И твоя тоже. До тех пор, пока ты этого хочешь.
– Ты…Ты не сердишься на меня?
– Сержусь. Однако куда меньше, чем на саму себя.
– Но ты простишь меня?
– Уже простила. И вообще – я не могу долго злиться на тебя. Ты же знаешь…
– Я… Можно я вернусь к себе в повозку? Нужно покормить малышку.
– Еще не время. Пока она сыта. Я позаботилась об этом. Пусть спит. Сон для нее сейчас– тоже пища.
– Да, Матушка метелица. Спасибо тебе. И, все же, можно я пойду? – ей было не по себе одной наедине небожительницами.
– Милая, я хочу, чтобы ты кое-что запомнила. И передала своему отцу, когда он проснется.
– Да? – девушка насторожилась. Воля богини снегов – что могло быть важнее для караванщиков? Разве что желание повелителя небес.
– Скажи ему, чтобы он не торопился увести отсюда караван. У вас достаточно еды и огня для небольшого отдыха. Позвольте Шамашу окрепнуть, оправиться от ран.
– Конечно, Матушка… – она была уверена, что отец так и собирался поступить.

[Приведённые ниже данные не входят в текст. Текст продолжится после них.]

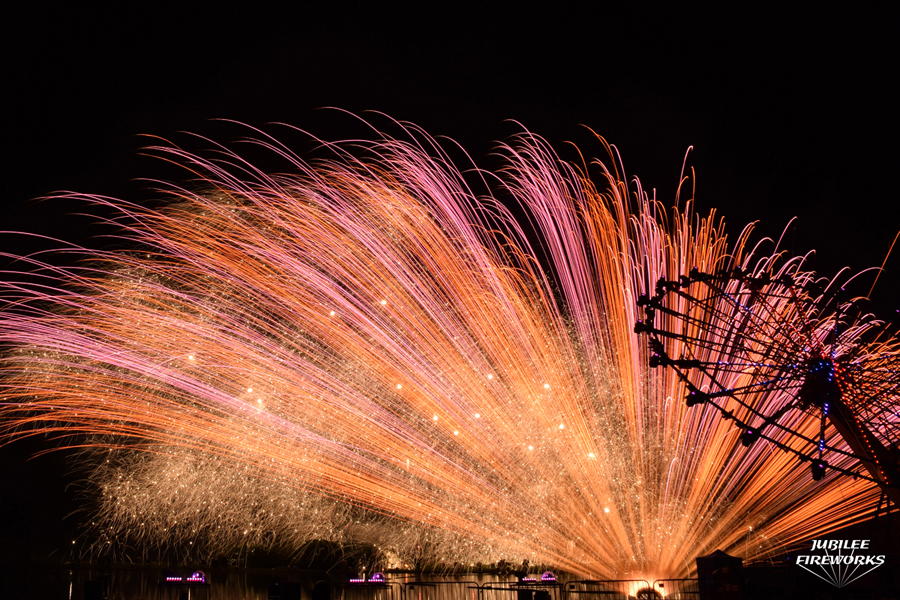 Alton Towers Fireworks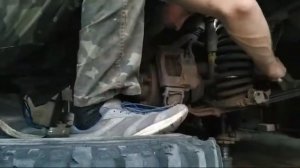 Замена Рулевых Наконечников Нива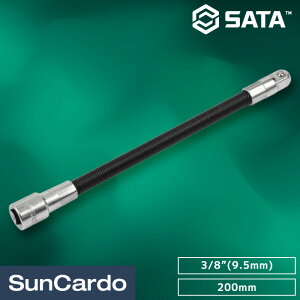 �G�N�X�e���V�����o�[ SATA Tools �T�^�c�[���Y SATA(�T�^) 3/8�h(9.5mm) �t���L�V�u���G�N�X�e���V�����o�[ 8�h 12922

– Я знаю, как вы заботитесь о нем. Как его любите. Просто… Просто вы так стремитесь поскорее убежать подальше от последнего города, что… В общем, передай хозяину каравана мои слова.
– Обязательно!
– Хорошо. А теперь… Мати, девочка, шла бы ты к Шамашу. Посиди с ним.
– Но… – разве у нее было такое право – сторожить сон бога солнца?
– Так будет правильно, милая. Ступай.
– Зачем? – проводив молодую караванщицу взглядом до самой повозки, спросила, повернувшись к богине снегов, Нинтинугга.
– Мне нужно увидеть его сейчас… И не важно, что он спит… – ее огненное тело начало обретать очертание, превращаясь в точеную женскую фигурку – стройную, как юное деревце, и как ветер легкую. Лишь накинутый на голову капюшон скрывал черты лица.
– Ты смотришь ее глазами…-Нинти начала понимать. Это было удивительно, и все же, возможно. – Кто эта девочка? Твоя посвященная?
– Мне приходится прибегать к помощи чужих глаз… – Айя слышала ее, но и не думала отвечать на вопросы, продолжая говорить лишь то, что хотела сама. – Ты ведь прекрасно знаешь, что я не могу прийти к нему сама.
– Айя, он…
– Он выздоровеет, я знаю…
– Для нас тело – лишь оболочка. Не более того. Если бы он захотел…
– Но он не хочет.
– Почему?! Почему он не освобождается от тех оков, в которые сам себя заковал, продолжая оставаться пленником плоти?!
– Не знаю. Но если ему это для чего-то нужно…
– Во имя свышних, Айя! Если бы он перестал держаться за все это… Все было совсем иначе!
– А как "иначе"? Лучше или хуже?
– Лучше! Много лучше!
– Ты в этом уверена? – и, сама отвечая на свой вопрос, Айя качнула головой, вздохнула. – Шамашу дано не только видеть будущее, но, в отличие от всех остальных, всех нас, создавать его.
– Ты хочешь сказать – эта та плата, которую свышние требуют от него за это право…?
– Нет. Я думаю… Мне кажется, что… Если бы не это, не хрупкое людское тело со всеми его ранами, он не стал бы жить этим миром. Просто ушел бы из него, прежде чем нечто совершенно чужое начало становиться для него родным, привязывая к себе множеством нитей… И вообще, пусть он будет таким, какой есть. Каким ему хочется быть.